Blackpool’s commercial flights have long been popular with all sorts of passengers. In 1936 it started operating commercial flights to the Isle of Man, branching out in the 1970s to Spain and what was then known as Yugoslavia.
It has always proved popular with the rich and famous because of its small size. Dignitaries such as the Sultan of Brunei have used the airport for a visit to the Lake District, safe in the knowledge that he would not encounter the world’s media. The Queen too has used the airport in the past and been able to maintain a low profile. It has of course also been used by stars performing in the town itself, notably Rod Stewart who appeared at Blackpool FC earlier this year.
It is not only VIPs who will miss the airport.

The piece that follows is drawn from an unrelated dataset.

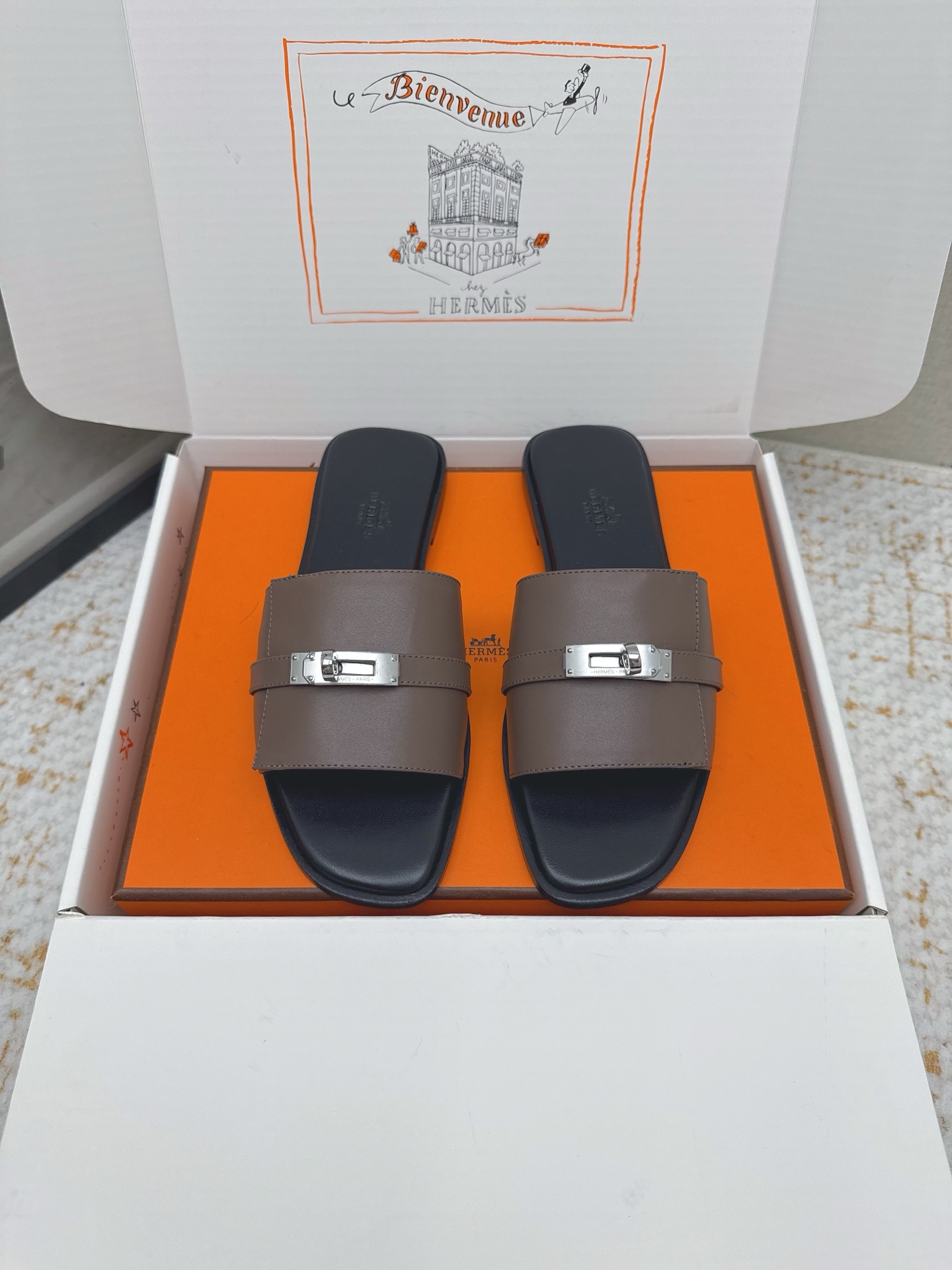 Hermes Style Pink Leather Women's Shoes style reference detail image 1 from source 785281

Disappointment at the closure has been expressed by many contributors to a local forum who cited the small size and convenience as two real USPs for Blackpool Airport. Despite this, only 235,000 passengers used the airport last year, a far cry from the projected 2 million which the owners had hoped for when the airport was refurbished in 2006, just two years before it was sold to Balfour Beatty for £14 million.
Blackpool Council has said that there are grounds for believing that the airport has a “bright future”. Meanwhile the airport’s website states that “Work is currently underway with the independent aviation businesses and tenants at the airport to understand if their operations can continue in the future. Working in partnership with the local authorities, regeneration plans are also being developed which will be designed to create future employment and sustainable economic development opportunities for Blackpool and the Fylde Coast.” Meanwhile a meeting of creditors and staff has been held at a local hotel as a first step towards placing Blackpool Airport Ltd into voluntary liquidation.
Passengers who were due to fly from Blackpool with Jet2 have not been left in the lurch with flights now operating until further notice from Manchester Airport alongside Jet2’s existing Manchester service. Although Jet2 operated the lion’s share of flights from Blackpool, two other airlines were also affected: City Wing and Aer Lingus. These airlines have decided to cut the routes totally.
As of January 2009 Blackpool Airport offered free car parking for all departing passengers.
110 staff were employed at the airport and many of them were in tears as the airport closed. It is not only airport staff, however, who will feel the impact of the closure. ABTA has released a statement stressing that the closure of a local airport does not only have a negative effect on the local economy but on the wider economy of the North-West of England.
Ironically Blackpool Airport took third place in Which?’s vote for the best regional airport this summer but even this could not save it.